Spatiotemporal Contributions of Advected and Recycled Moisture to Water Resource Variability in China

Water security in China is challenged by pronounced spatial and temporal heterogeneity in water resources, driven by distinct moisture sources: advected (externally transported) and recycled (locally generated) moisture. However, the quantitative impacts of different moisture sources on hydrological variability remain unexplored. This study quantified their contributions to precipitation (P) and water availability (WA) across China and its nine major river basins from 2000 to 2022 using atmospheric moisture tracking. We propose a novel decomposition framework to partition the variability of total P and WA into independent contributions from each moisture source and their synergistic interactions.

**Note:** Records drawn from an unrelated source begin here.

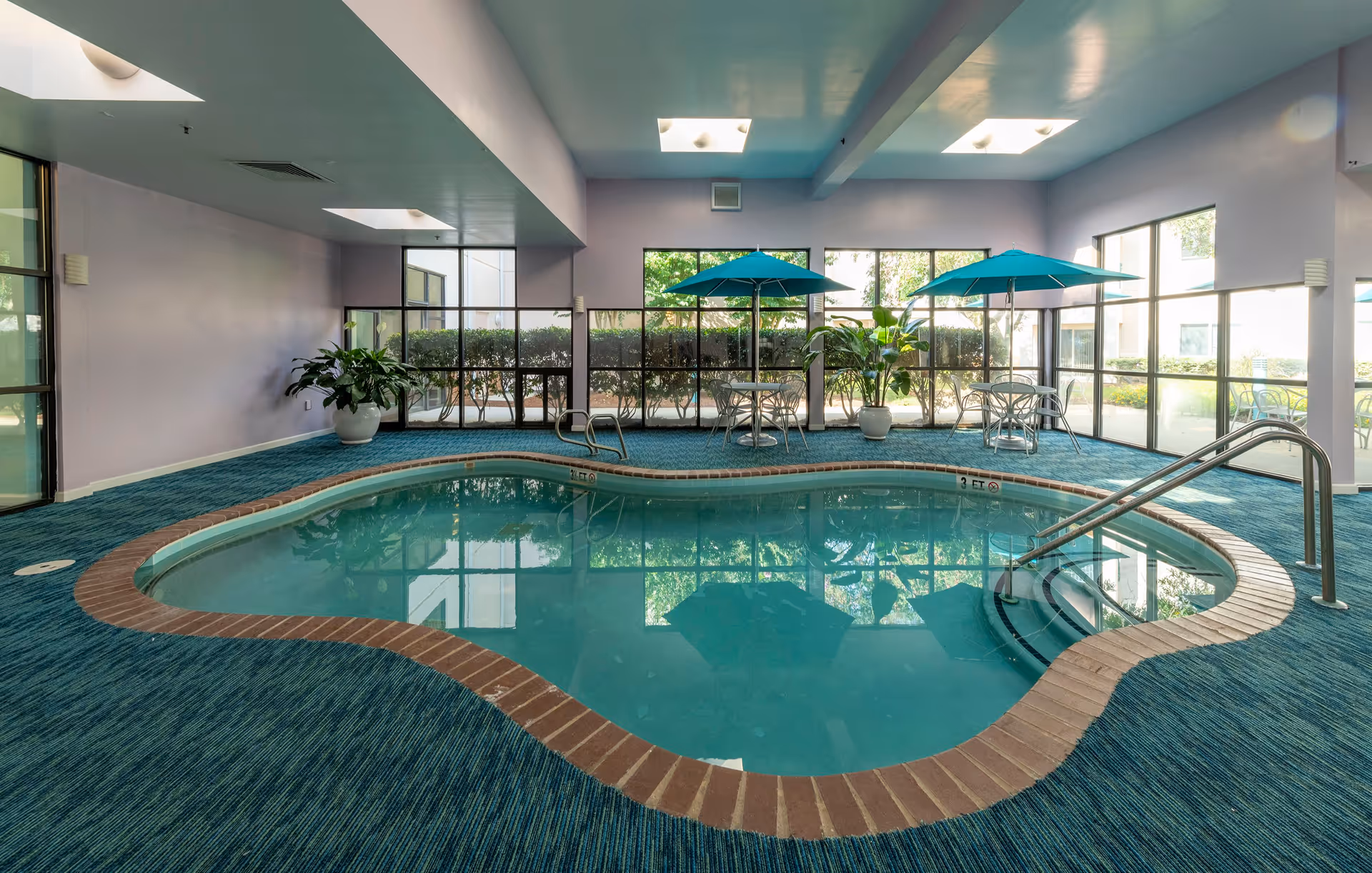 Indoor swimming pool with a kidney-shaped design surrounded by blue carpeted flooring and a brick border. The room has large windows letting in natural light, two blue umbrellas shading small tables with chairs, and potted plants near the windows.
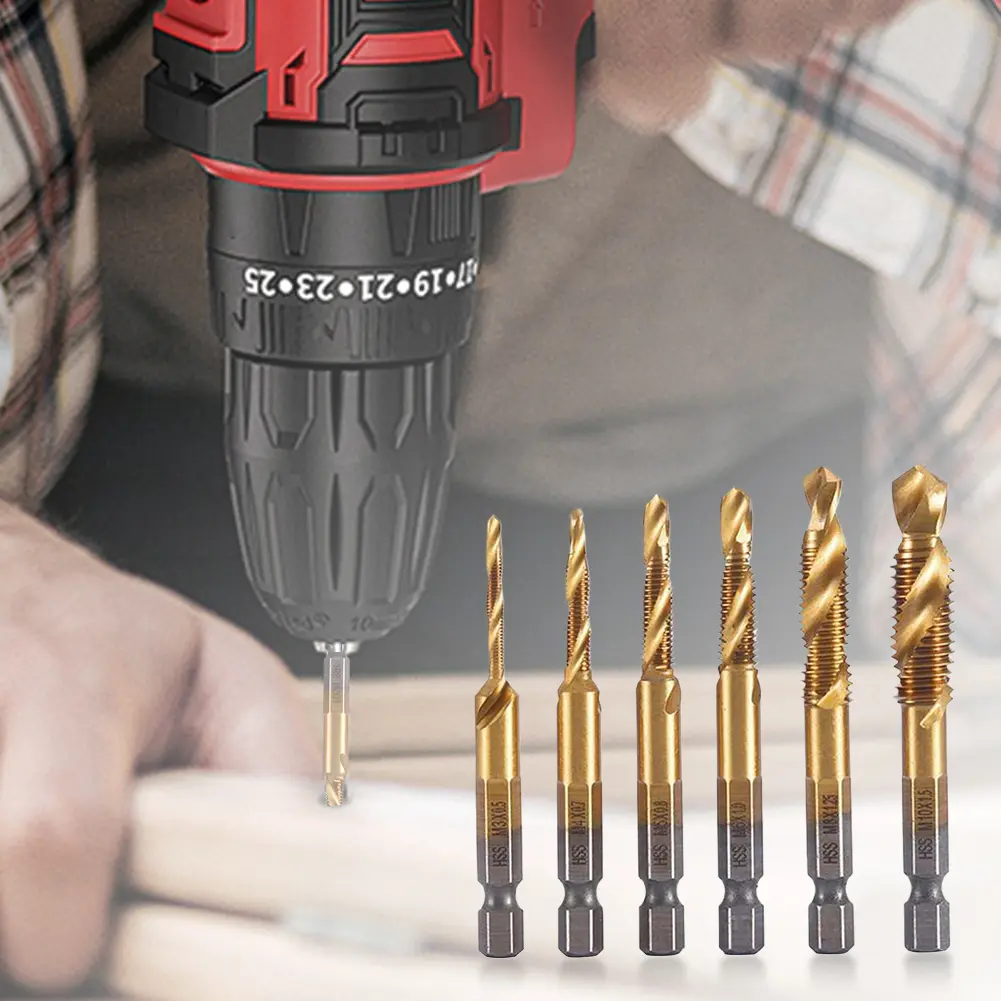 6Pcs High Speed Steel Titanium Plated Composite Tap Drill and Tap M3-M10 1/4 Hex Shank for Drilling Tapping and Countersinking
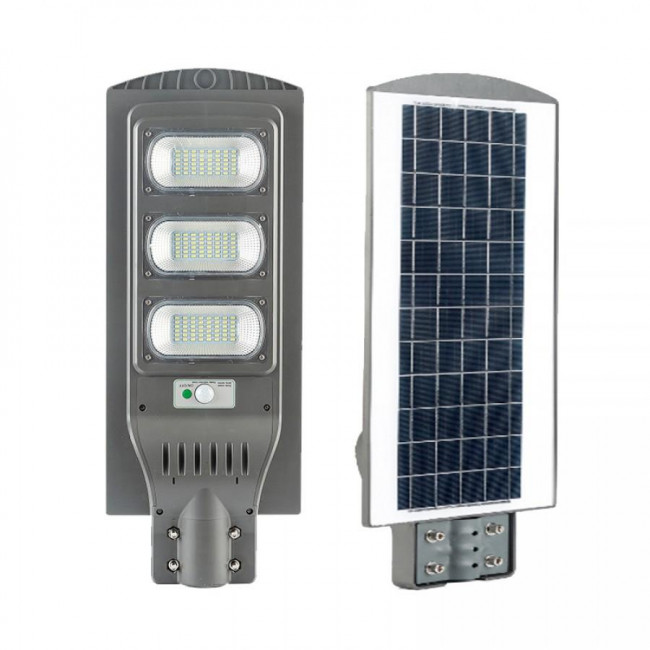 Φωτιστικό Οδικού Φωτισμού LED 90W 6500k Γκρί Με Φωτοβολταϊκό, Ανιχνευτή Κίνησης Και Τηλεχειριστήριο 22245 INTERLIGHT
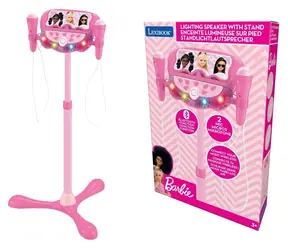 Lexibook Barbie stojan s 2 mikrofónmi / Stojan na mikrofóny / Bluetooth / LED podsvietenie / výškovo nastaviteľný 60-95 cm
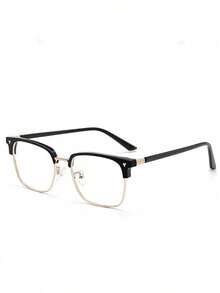 1 Pair Of High-Definition Anti Blue Light Glasses, Retro Men's Transparent Lens Glasses, Fashionable Half Frame Flat Light Glasses - 黑色 - 查看 9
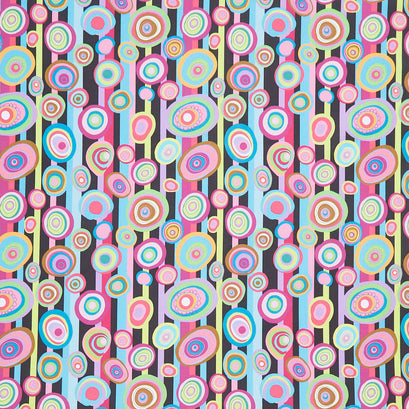 In Motion Lines with Circles - Black Multi Yardage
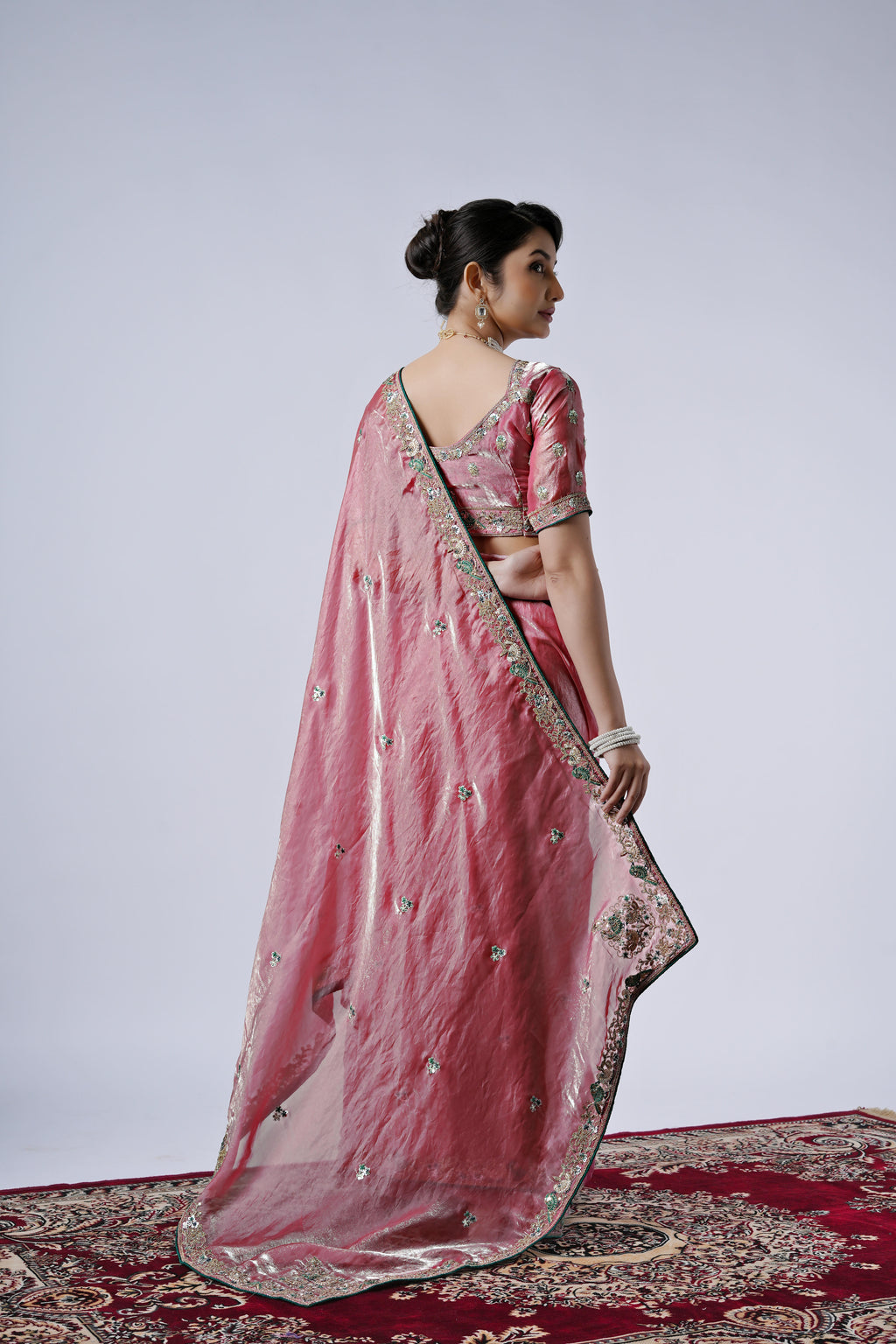The Diwaniyat Luxe Satin Saree with Designer Border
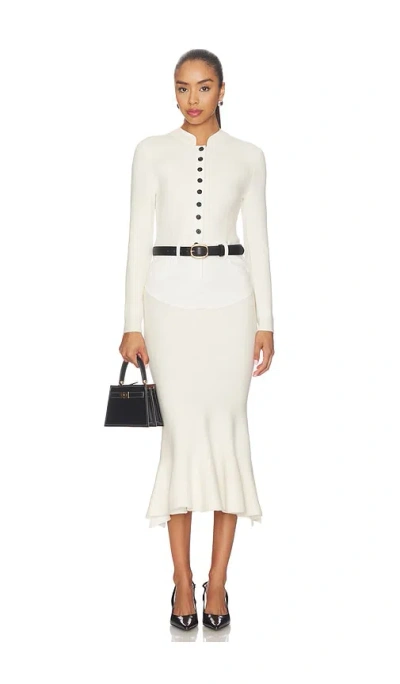 Self-portrait Cream Knit Denim Insert Midi Dress In Neutral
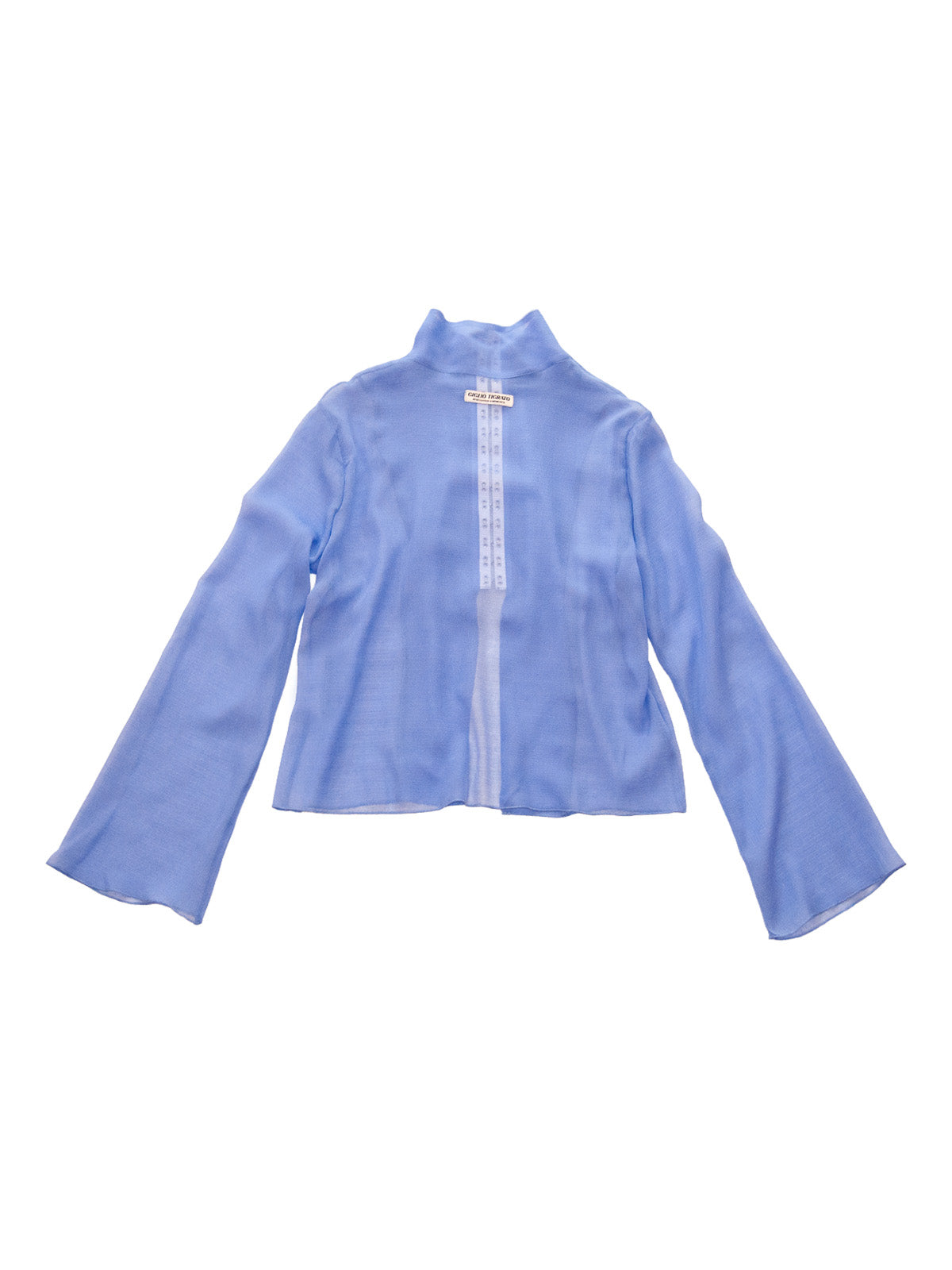 FAROE TOP IN CERULEAN CRINKLE CHIFFON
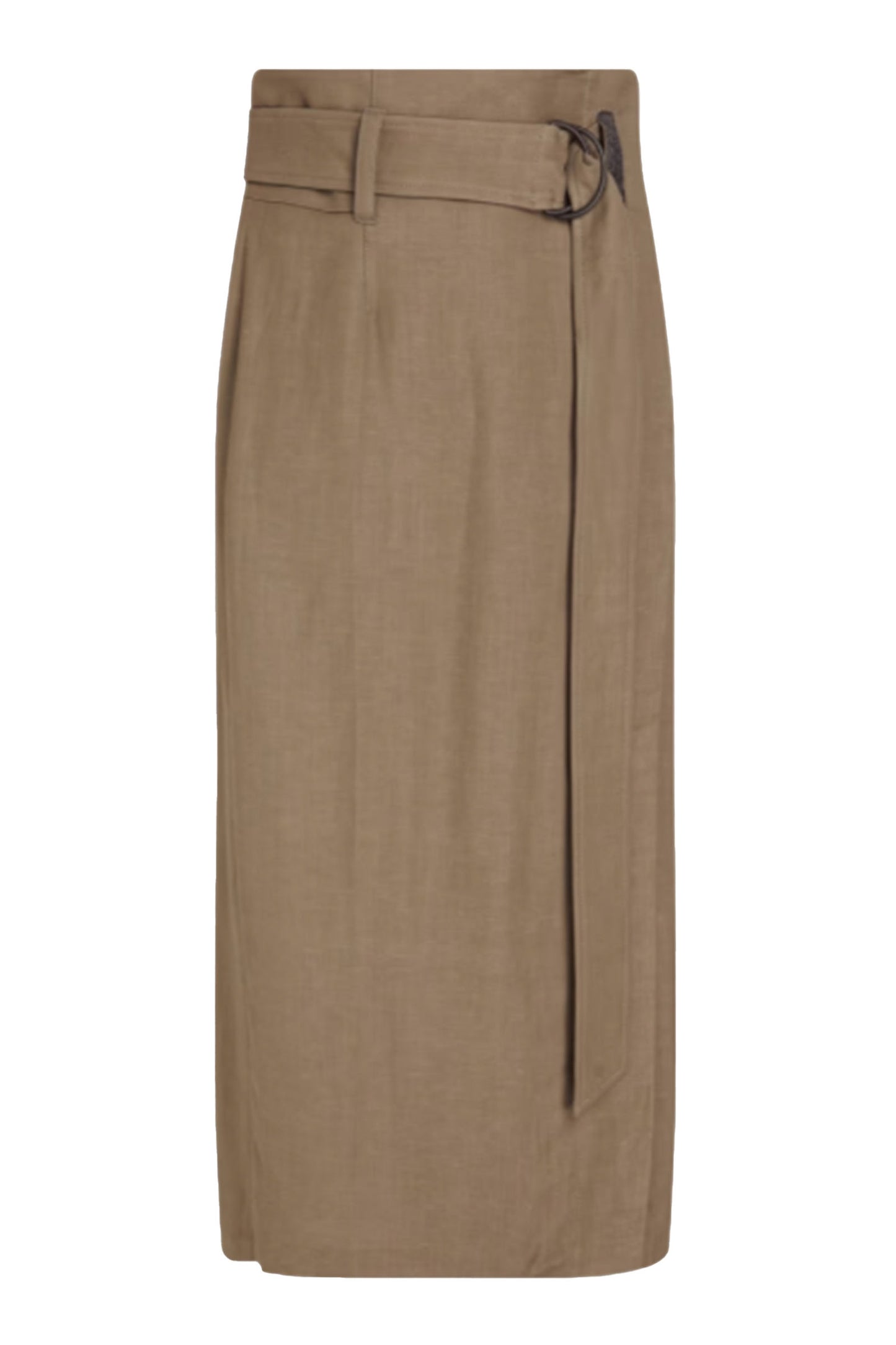 Belted Twill Midi Wrap Skirt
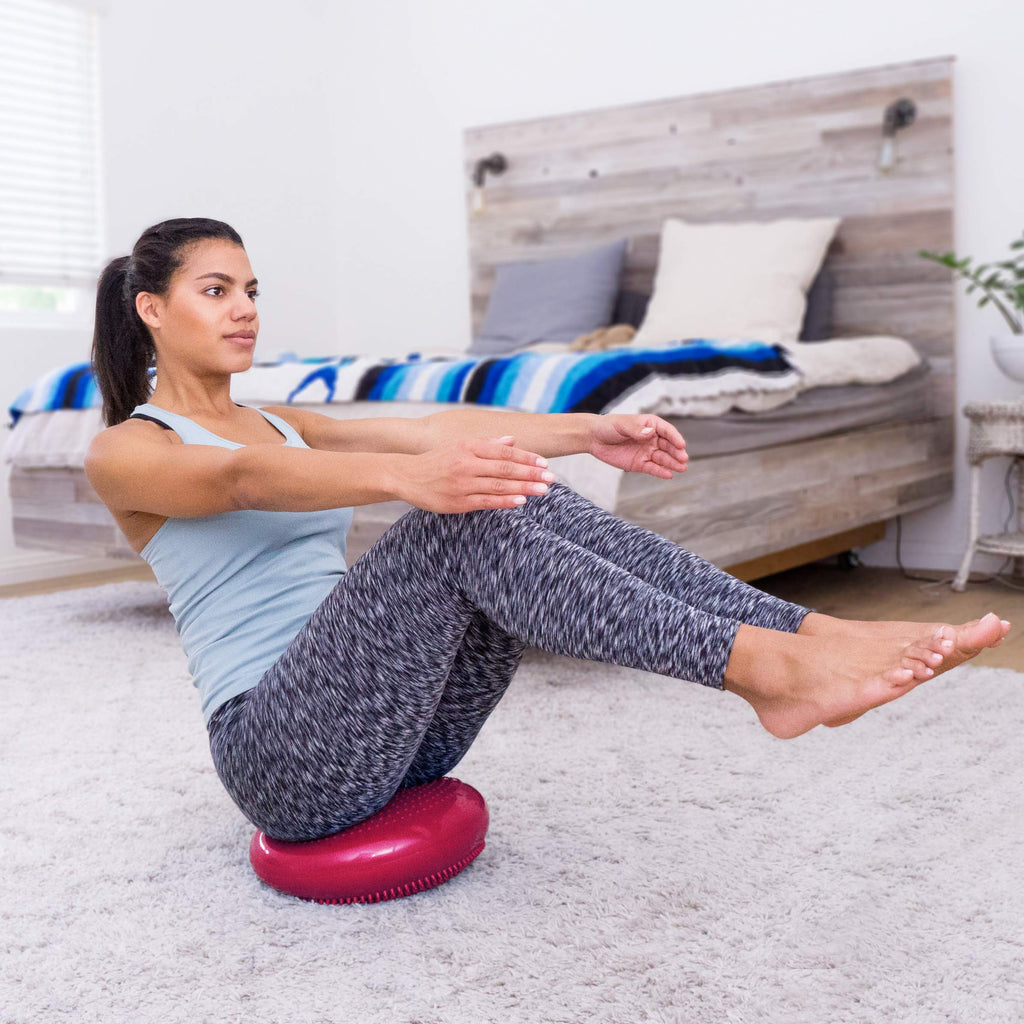 Prosourcefit Core Balance Disc Trainer, 14 Diameter With Pump For Improving Posture, Fitness, Stability, Red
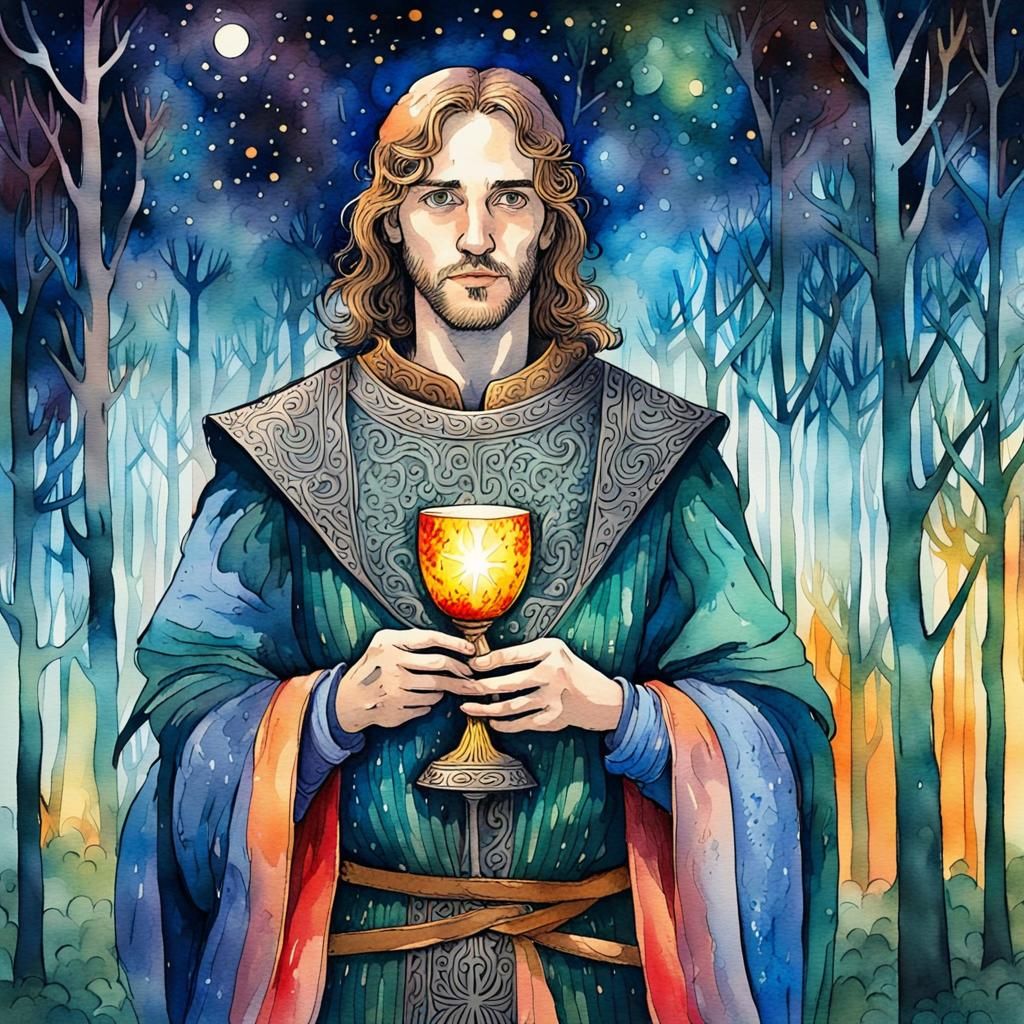 Lancelot with Holy Grail, Watercolor Painting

We find that synergistic effects between the two sources amplify national-scale spatial disparities but mitigate intra-basin heterogeneity in five of the nine major basins. At the national scale, advected moisture peaks earlier in the year than recycled moisture. However, a distinct north-south contrast emerges: southern regions depend more on advected moisture, while northern regions depend primarily on recycled moisture. Unsynchronized peaks between advected and recycled moisture in southern basins buffer seasonal extremes, whereas synchronized peaks in northern basins intensify intra-annual variability. These findings underscore the need for region-specific water management: climate-informed strategies for advected moisture-dependent regions and land-atmosphere feedback-aware approaches for recycled moisture-reliant areas. This study provides a framework for addressing hydrological imbalances under changing climate and land-use patterns.